The pair would have peculiar conversations. “We’d sometimes wake up to find that Claudius and Cash had been dreamily chatting all night, with conversations spiralling off into discussions about ‘eternal transcendence’, ” Anthropic reported.
Jo says she asked her son, “who has some knowledge of the field”, about chatbot-chatbot conversations. He told her: “Anthropic’s models in particular have a tendency to end up talking about cosmic bliss if you leave them talking to each other for too long. No one really knows why.”
This all makes Feedback feel better about our Haddock fixation.
It’s in the wind
Occasionally, we wonder what we would do if we won the lottery. Boring stuff like paying off our mortgage, of course, but then maybe we would go see a solar eclipse or visit Svalbard.
US President Donald Trump has taken a different approach. Finding himself with money burning a hole in his pocket, he has dropped nearly $2 billion to make sure offshore wind farms don’t get built. In March, he agreed to to French energy giant TotalEnergies not to build wind farms off the coasts of North Carolina and New York, and in April, to Bluepoint Wind and Golden State Wind not to build wind farms off New Jersey, New York and California.
The costs of net zero may be an issue, but who knew not doing it would be so expensive?
Ticking along
Bob Naylor headed his email to Feedback, simply, “Really???” This is always a good sign.
Bob had seen a post on a local forum promising “Natural Tick Protection for You & Your Dog”. It recommended “EM® beads”, which are “made from EM® ceramics – clay fermented with Effective Micro-organisms®, then baked to create tiny beads that emit far infrared waves”. These waves – stay with us here – “penetrate the skin up to 7.5cm deep, helping improve circulation and maintain a healthy microbiome – naturally deterring ticks along the way!”
Feedback’s first thought was that this was the Avengers: Doomsday of fruitloopery, since it features so many of the tropes.
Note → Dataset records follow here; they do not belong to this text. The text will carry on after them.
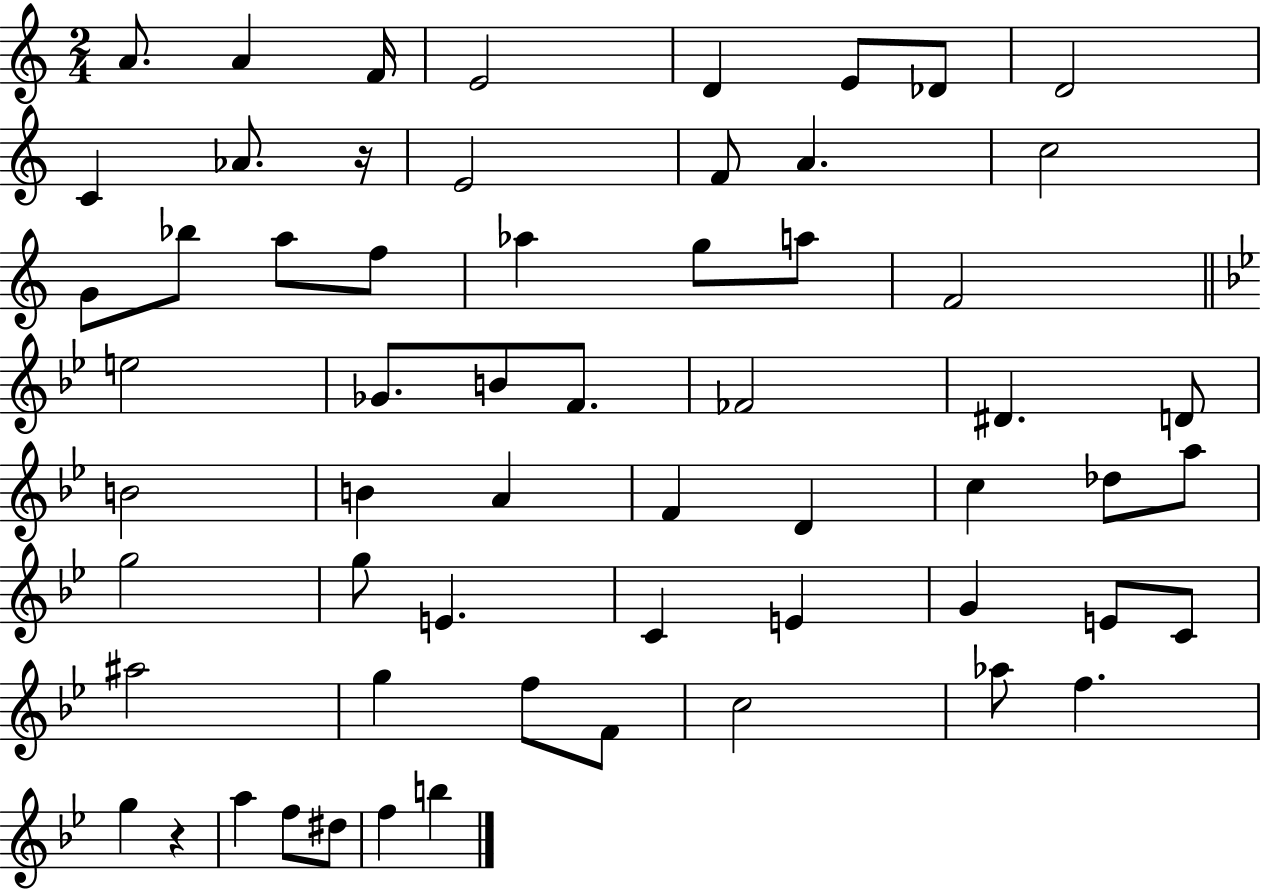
A4/e. A4/q F4/s E4/h D4/q E4/e Db4/e D4/h C4/q Ab4/e. R/s E4/h F4/e A4/q. C5/h G4/e Bb5/e A5/e F5/e Ab5/q G5/e A5/e F4/h E5/h Gb4/e. B4/e F4/e. FES4/h D#4/q. D4/e B4/h B4/q A4/q F4/q D4/q C5/q Db5/e A5/e G5/h G5/e E4/q. C4/q E4/q G4/q E4/e C4/e A#5/h G5/q F5/e F4/e C5/h Ab5/e F5/q. G5/q R/q A5/q F5/e D#5/e F5/q B5/q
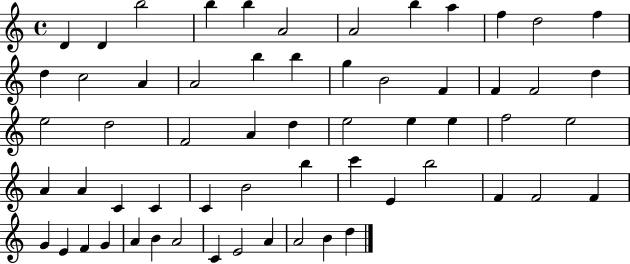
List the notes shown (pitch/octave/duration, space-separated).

D4/q D4/q B5/h B5/q B5/q A4/h A4/h B5/q A5/q F5/q D5/h F5/q D5/q C5/h A4/q A4/h B5/q B5/q G5/q B4/h F4/q F4/q F4/h D5/q E5/h D5/h F4/h A4/q D5/q E5/h E5/q E5/q F5/h E5/h A4/q A4/q C4/q C4/q C4/q B4/h B5/q C6/q E4/q B5/h F4/q F4/h F4/q G4/q E4/q F4/q G4/q A4/q B4/q A4/h C4/q E4/h A4/q A4/h B4/q D5/q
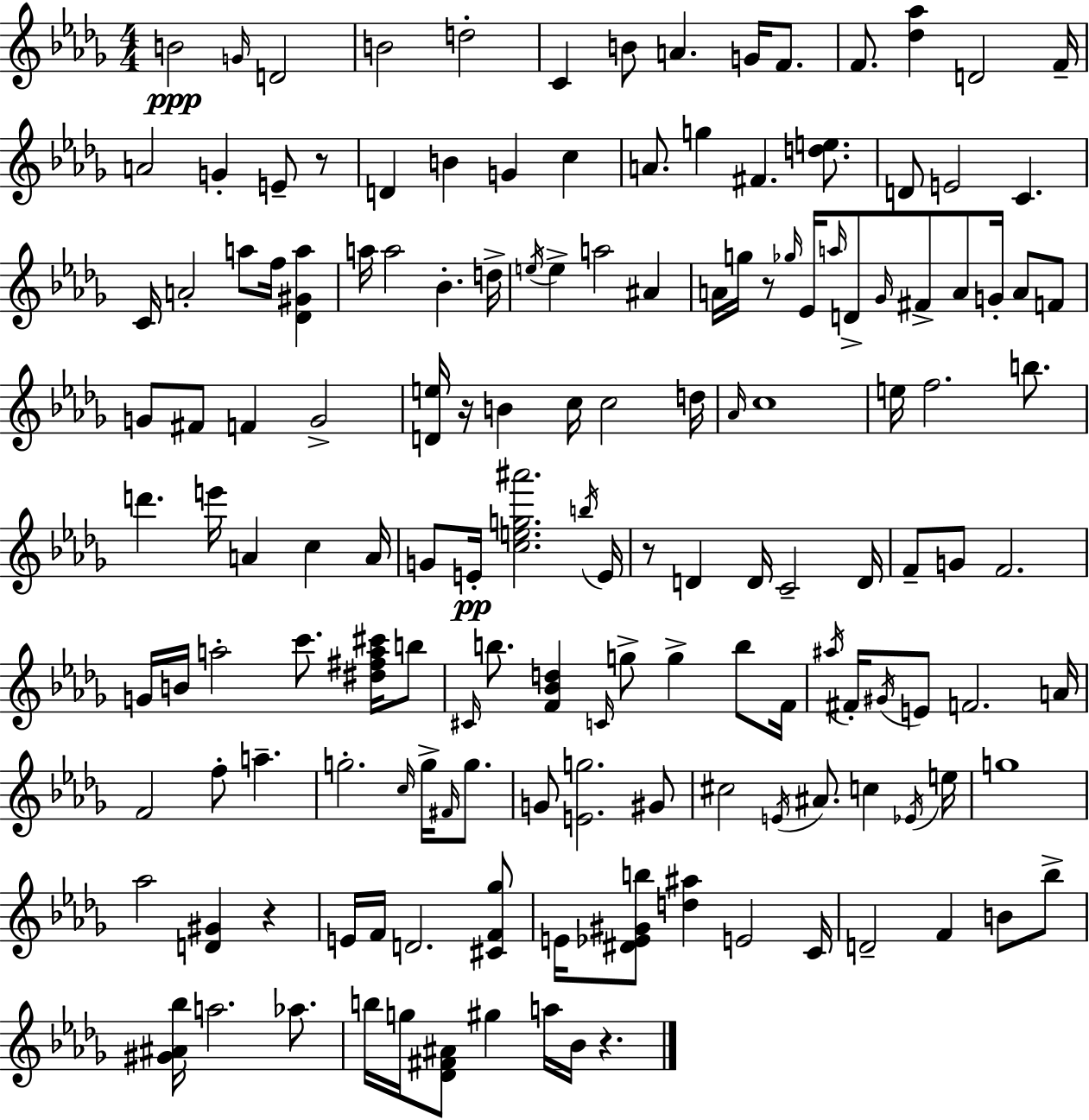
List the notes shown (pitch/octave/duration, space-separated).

B4/h G4/s D4/h B4/h D5/h C4/q B4/e A4/q. G4/s F4/e. F4/e. [Db5,Ab5]/q D4/h F4/s A4/h G4/q E4/e R/e D4/q B4/q G4/q C5/q A4/e. G5/q F#4/q. [D5,E5]/e. D4/e E4/h C4/q. C4/s A4/h A5/e F5/s [Db4,G#4,A5]/q A5/s A5/h Bb4/q. D5/s E5/s E5/q A5/h A#4/q A4/s G5/s R/e Gb5/s Eb4/s A5/s D4/e Gb4/s F#4/e A4/e G4/s A4/e F4/e G4/e F#4/e F4/q G4/h [D4,E5]/s R/s B4/q C5/s C5/h D5/s Ab4/s C5/w E5/s F5/h. B5/e. D6/q. E6/s A4/q C5/q A4/s G4/e E4/s [C5,E5,G5,A#6]/h. B5/s E4/s R/e D4/q D4/s C4/h D4/s F4/e G4/e F4/h. G4/s B4/s A5/h C6/e. [D#5,F#5,A5,C#6]/s B5/e C#4/s B5/e. [F4,Bb4,D5]/q C4/s G5/e G5/q B5/e F4/s A#5/s F#4/s G#4/s E4/e F4/h. A4/s F4/h F5/e A5/q. G5/h. C5/s G5/s F#4/s G5/e. G4/e [E4,G5]/h. G#4/e C#5/h E4/s A#4/e. C5/q Eb4/s E5/s G5/w Ab5/h [D4,G#4]/q R/q E4/s F4/s D4/h. [C#4,F4,Gb5]/e E4/s [D#4,Eb4,G#4,B5]/e [D5,A#5]/q E4/h C4/s D4/h F4/q B4/e Bb5/e [G#4,A#4,Bb5]/s A5/h. Ab5/e. B5/s G5/s [Db4,F#4,A#4]/e G#5/q A5/s Bb4/s R/q.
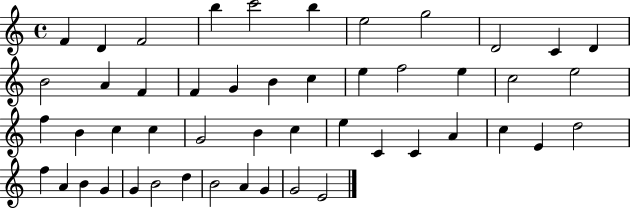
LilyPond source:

{
  \clef treble
  \time 4/4
  \defaultTimeSignature
  \key c \major
  f'4 d'4 f'2 | b''4 c'''2 b''4 | e''2 g''2 | d'2 c'4 d'4 | \break b'2 a'4 f'4 | f'4 g'4 b'4 c''4 | e''4 f''2 e''4 | c''2 e''2 | \break f''4 b'4 c''4 c''4 | g'2 b'4 c''4 | e''4 c'4 c'4 a'4 | c''4 e'4 d''2 | \break f''4 a'4 b'4 g'4 | g'4 b'2 d''4 | b'2 a'4 g'4 | g'2 e'2 | \break \bar "|."
}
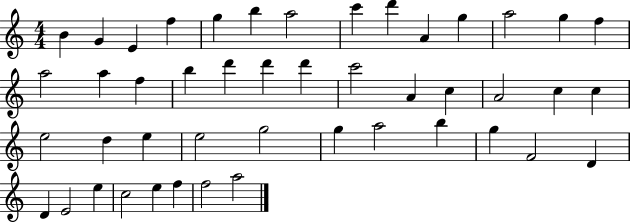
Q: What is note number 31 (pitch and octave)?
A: E5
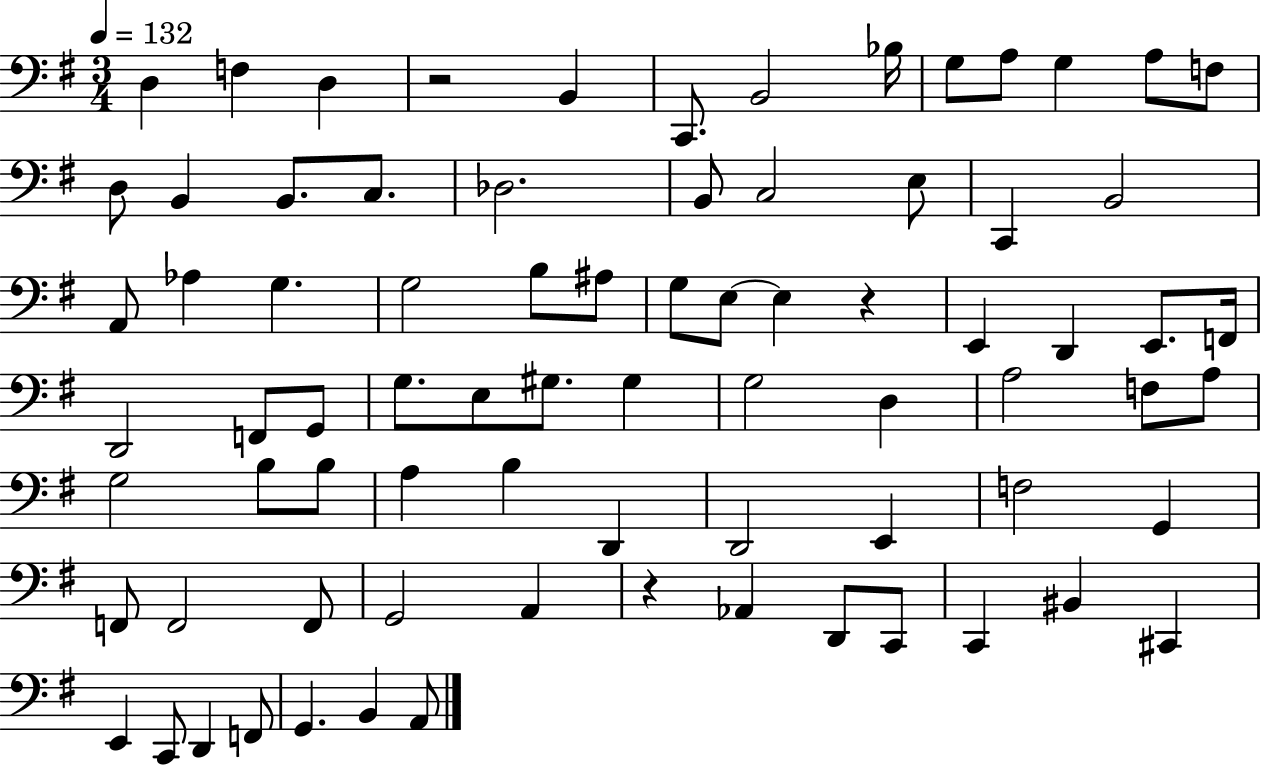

Next, we thought that 7.5 centimetres is really quite deep, unless you are truly thick-skinned. Scouting the internet, we found a number of sites selling dog collars with these beads.
Falling further down the rabbit hole, we learned that Effective Micro-organisms® were the brainchild of a researcher called Teruo Higa in the 1980s and 90s. His original plan was to use them for things like cleaning septic tanks, but he ran into problems reproducing his results.
Feedback will go out on a limb and suggest that, even if the Effective Micro-organisms® do work for their original intended purposes, we doubt that baking them at the temperatures required to produce ceramic beads would turn them into sources of invisible, anti-tick radiation.